FAQ 5. Wie is 'huurder' wanneer de huurovereenkomst betrekking heeft op de woning van een gehuwd paar of wettelijk samenwonenden?
Voor de huurovereenkomsten gesloten vóór 1 januari 2019 heeft de wetgever in een bescherming voorzien van de echtgenoten-huurders en hun gezinswoning in artikel 215 §2 van het Burgerlijk Wetboek.
Dit heeft tot gevolg:
- dat de huurovereenkomst betreffende de woning die bestemd is tot hoofdverblijfplaats van een gehuwd paar, altijd verondersteld wordt gesloten te zijn door beide echtgenoten, zelfs indien het contract slechts gesloten werd door één van de echtgenoten, en zelfs als het gesloten werd vóór het huwelijk;
- dat de verhuurder verplicht is alle opzeggingen, kennisgevingen en exploten met betrekking tot de huurovereenkomst in twee exemplaren afzonderlijk aan elk van de echtgenoten op te sturen;
- dat de opzeggingen, betekeningen en exploten tevens door de twee echtgenoten-huurder afzonderlijk aan de verhuurder moeten geadresseerd worden.
Voor de woninghuurovereenkomsten gesloten vanaf 1 januari 2019 werd een uitdrukkelijke bepaling (artikel 51 Vlaams Woninghuurdecreet) opgenomen in het Vlaams Woninghuurdecreet dat de medehuur regelt voor gehuwden en wettelijk samenwonenden.
Beide gehuwden of wettelijke samenwonende partners worden altijd samen beschouwd als huurder, ook al is de overeenkomst maar door één van beiden ondertekend of dateert deze van voor het huwelijk of de wettelijke samenwoning.
Indien de huurovereenkomst van voor het huwelijk of de wettelijke samenwoning dateert, en de huurovereenkomst maar door één van beide partijen was gesloten, dan moeten ze de verhuurder op de hoogte brengen van het huwelijk of de wettelijke samenwoning.
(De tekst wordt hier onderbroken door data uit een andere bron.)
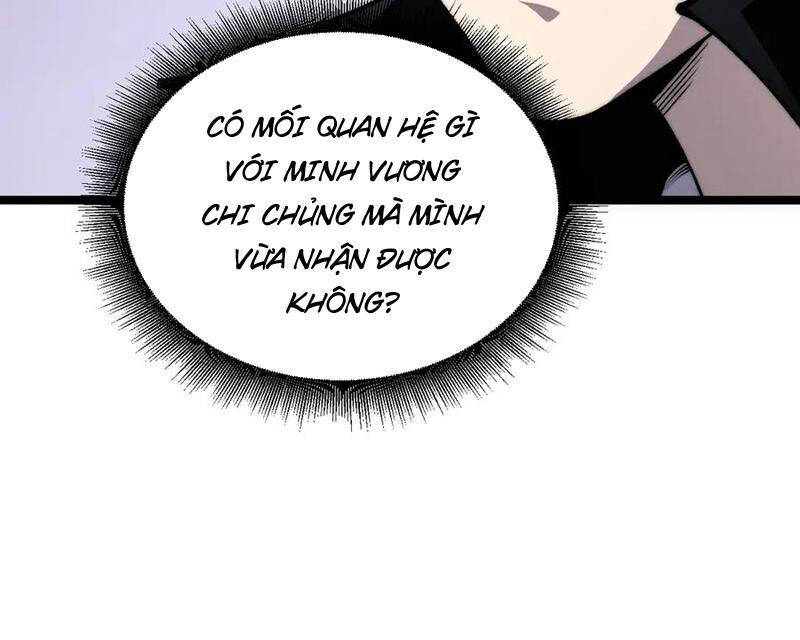 Sức Mạnh Tối Đa? Ta Lại Là Vong Linh Sư! Chap 51 - Next Chap 52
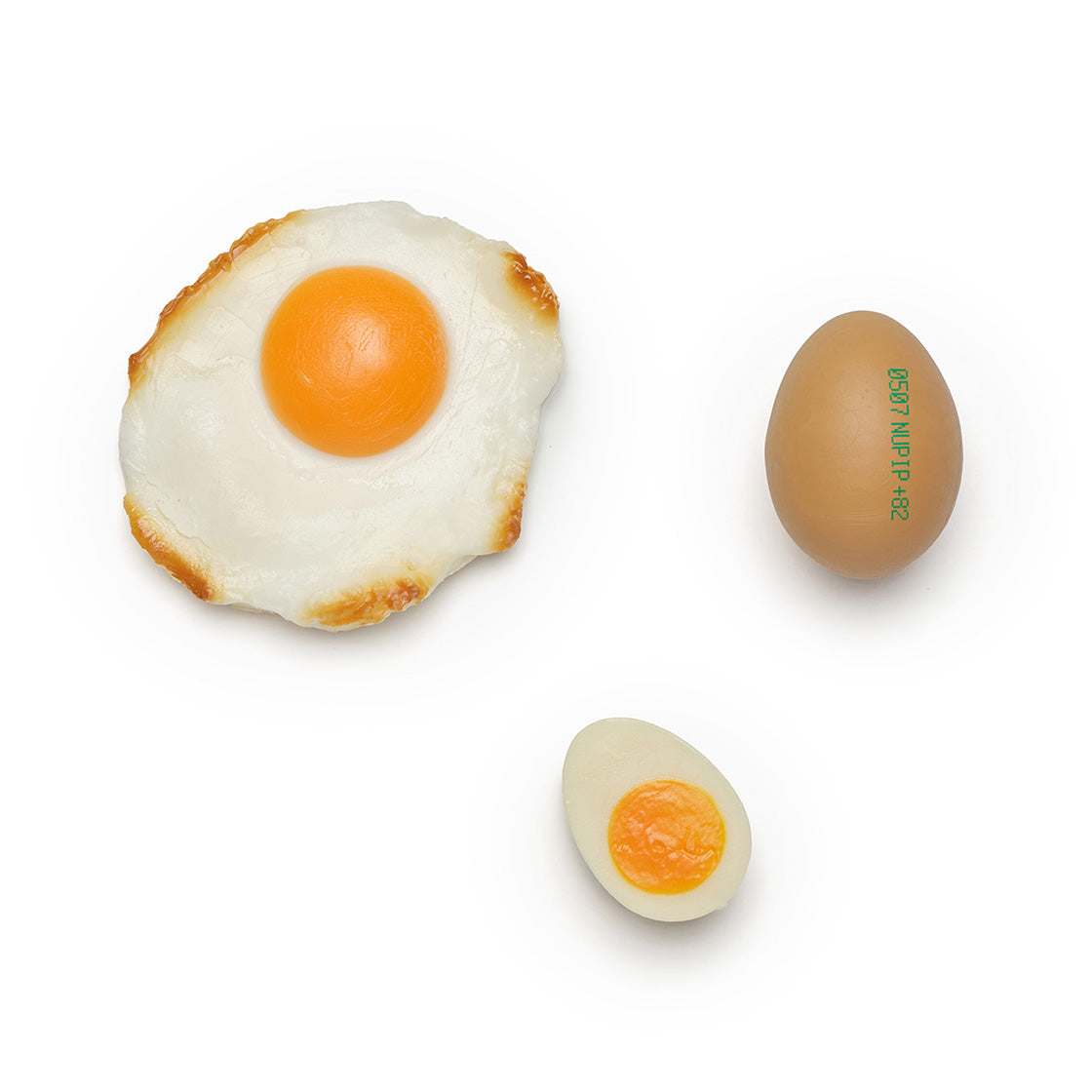 eggs pip set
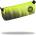 COOLPACK Ученически несесер CoolPack Tube Gradient Lemon (E61510)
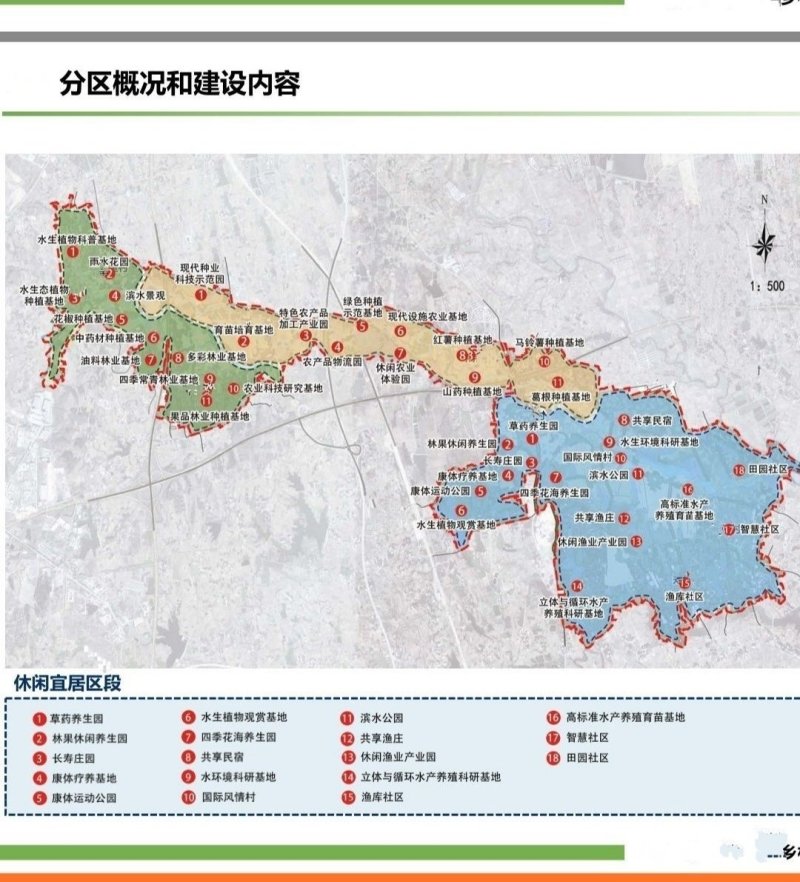 短租(两年)荆门市20000亩项目过渡综合地源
Beide huurders zijn tegenover de verhuurder “hoofdelijk en ondeelbaar gehouden voor de uitvoering van de verplichtingen van de huurovereenkomst”. Dit heeft tot gevolg dat elke partner individueel kan worden aangesproken voor het volledige bedrag van een bepaalde schuld. De partner die huurder wordt, is niet gebonden aan verplichtingen die al bestonden voor het huwelijk of de wettelijke samenwoning. Ook de rechten van de huurovereenkomst worden door beide partners samen uitgeoefend. Dit heeft bijvoorbeeld tot gevolg dat de verhuurder de opzegging aan beide partners zal moeten richten en dat beide partners ook samen de opzegging moeten doen.
Wat is de sanctie:
Indien deze formaliteiten niet worden nageleefd, kan de verhuurder de nietigheid van de aktes die door de huurders aan hem worden opgestuurd niet inroepen nl. artikel 215 B.W. beoogt de bescherming van de belangen van de echtgenoot-echtgenote.
Elk van de echtgenoten - huurders zal wel de nietigheid van de akten, die slechts aan één van hen werden geadresseerd door de verhuurder of slechts door één van de echtgenoten aan de verhuurder werden geadresseerd, kunnen inroepen, op voorwaarde te bewijzen dat de verhuurder kennis had van het huwelijk of de wettelijke samenwoning.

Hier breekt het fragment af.